Fig 1.
Overview of image analysis pipeline.
(Upper panel) schematic representations of the stages of image analysis. Text boxes contain brief descriptions, see text for more detail, roman numerals correspond to steps in the workflow. Arrows show where data is extracted from the image for analysis. (A) Orthogonal projection of whitened 18 dimensional data extracted from the image. Colouring is made on result of clustering, with crosses and ellipses represent centres and covariances of the identified clusters. (B) Example representation of pixel colour density in the 3D colour space, showing identification of vectors corresponding to in situ stain, pigmented and un-pigmented embryo, used to identify regions of the embryo expressing the gene in question. (C) Example histogram of stain distribution. Data modelled as mixture of two Gaussians. The threshold is the smallest of mu + 2*sigma of the two components; it is represented as a solid green line. Dashed red lines represent range of values [.25, .67] the threshold is allowed to take.
Fig 2.
Graphical depiction of image analysis workflow for selected images with different shape embryos and a range of different background colours and textures.

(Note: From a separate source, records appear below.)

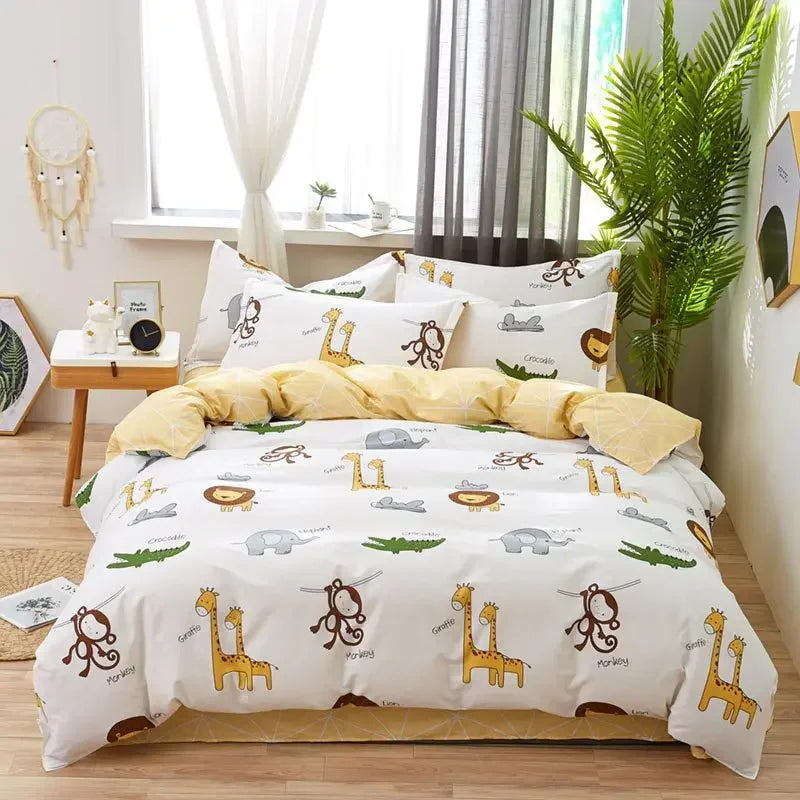 Decobites Flowers Print Cotton King Size Bedding Set, Soft & Comfortable Duvet Cover Set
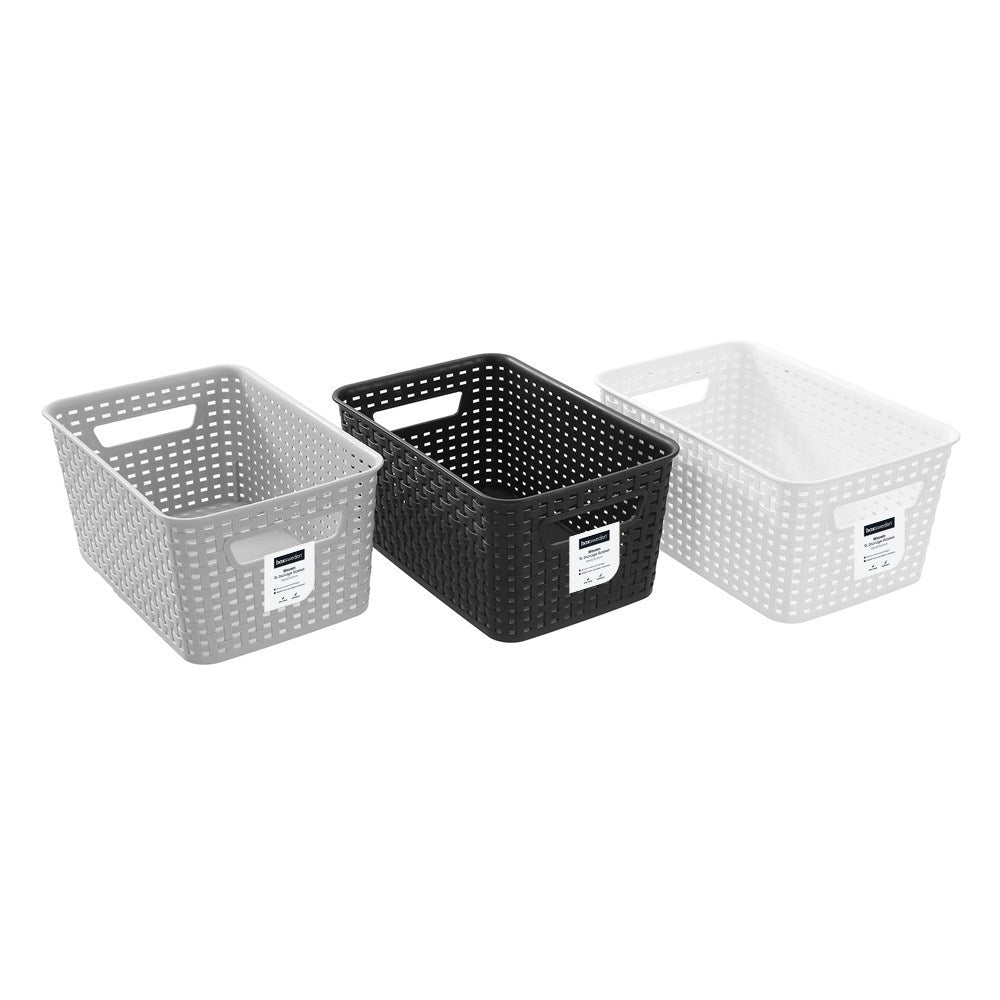 Woven Storage Basket 5L 28 x 18.5 x 13cm 3 Pack Assorted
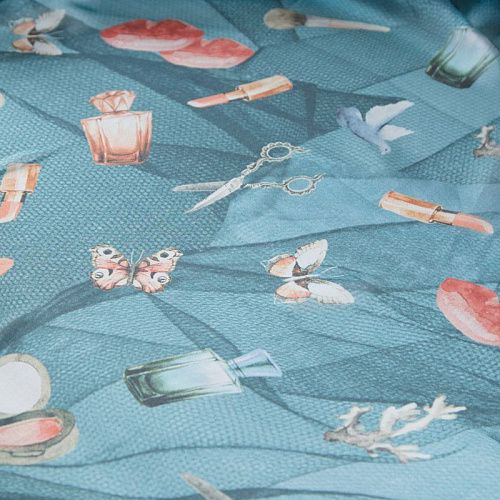 Шифон шелковый 068-12191 серо-голубой принтованный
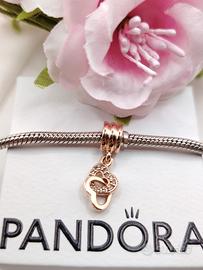 Charm originale pandora cuori intrecciati oro rosa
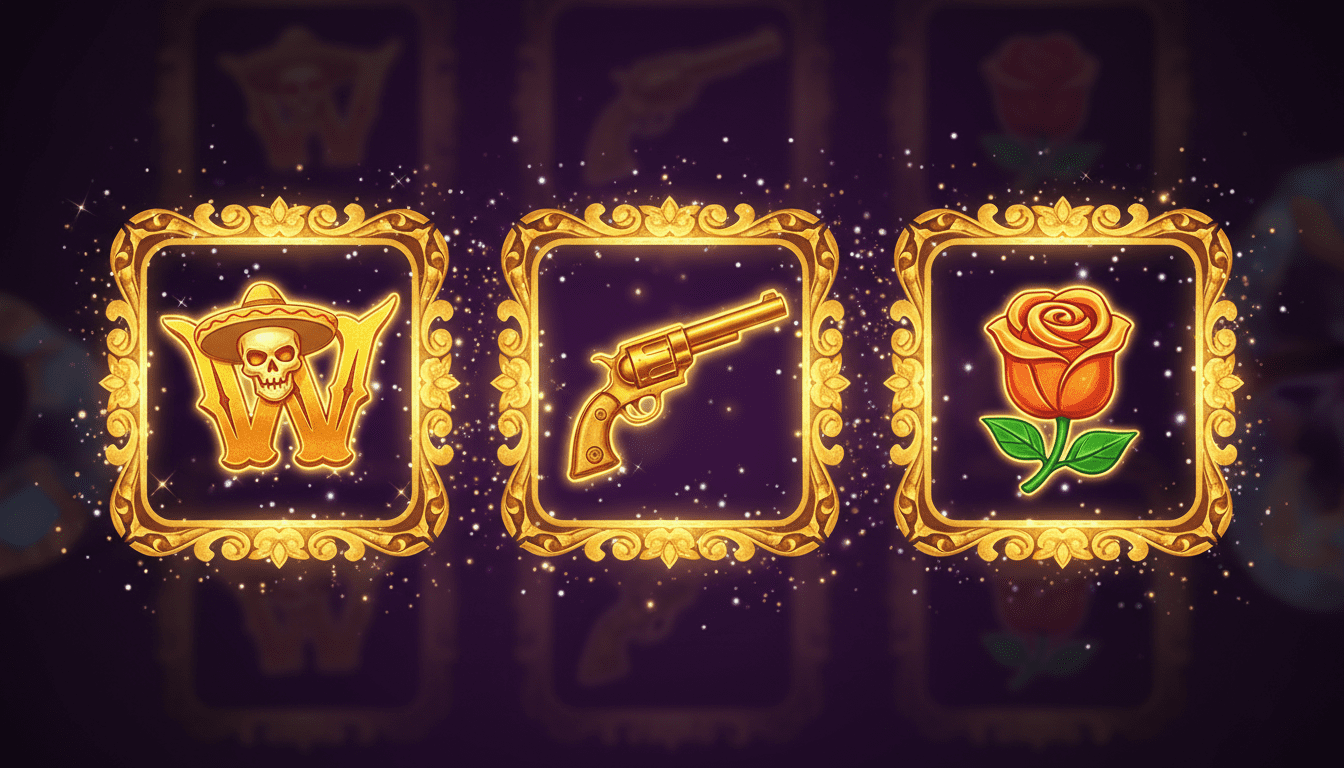 Glowing gold framed symbols in Wild Bandito.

Images show that embryo detection and stain colour analysis is effective independently of a wide range of variation in image background and embryo characteristics. All images were analysed without changing initial parameters. Note image (d) where even the human eye struggles to distinguish the upper border of the embryo from the background.
Table 1.
Validation of image classification and embryo detection algorithms: Identification of non-subjective errors through visual inspection of 2000 randomly selected images.
Image classification: was the image correctly classified as cleared or un-cleared? Background segmentation: was the background component identified correctly? Embryo region selection: did the connected region selected correspond to the embryo? Incomplete embryo detection: were embryos touching the image edge correctly identified as such?
Table 2.
Validation of the algorithm output.
Two WISH experts marked each of 200 processed images as good, intermediate or bad (1.0, 0.5 or 0.0) on three potentially subjective qualities: whether the embryo outline had been captured correctly, whether the stained regions were delineated correctly, and whether the pigmented regions were delineated correctly. For each quality we correlated the experts’ scores over all 200 images.
Fig 3.
Rational selection of representative images to reduce redundancy.
Unsorted images from a large collection for a given gene/development stage are first classified into cleared (grey background) and un-cleared (orange/red background) images. Embryo boundaries were detected within the image and embryo pixel colours analysed to yield predicted in situ stain, pigmentation or unmarked embryo. Embryos with predicted outline touching the image border were excluded (unless the outline in all images in the group touched the border). Images were sorted within groups by stain content for selection, and cropped for display where needed. (A) Lateral view images, NF stage 20+. (B) Quasi-spherical development stages (up to NF stage 20): images are clustered according to expression pattern similarity under rotational and other transformations (see also Fig 4), and the most stained image is selected from each well-separated group.
Fig 4.
Simplified example of spherical stage image similarity clustering.
Early development stages are routinely photographed from different directions to maximise information about the expression pattern. Reference and comparison images for the same gene and stage are compared under multiple transformations (scale, rotation, shear) to identify the set of transformations that minimises their dissimilarity. Here we see that a 91.5o rotation and a 1.01 scaling suggest the most likely transformation between these two images. All images from the same gene and stage are compared with each other to identify images from (probably) the same view-point. See also Fig 3B.
Fig 5.
Developmental progression of expression for selected genes prdm1, ank1, and hoxb3 during Xenopus embryo development.
This is the result of applying our suite of image analysis tools to (in this case) the 334 original images for these three genes, and reducing them to a representative set of 65 images, including multiple views of expression patterns from the early spherical stages (pre-Stage 22).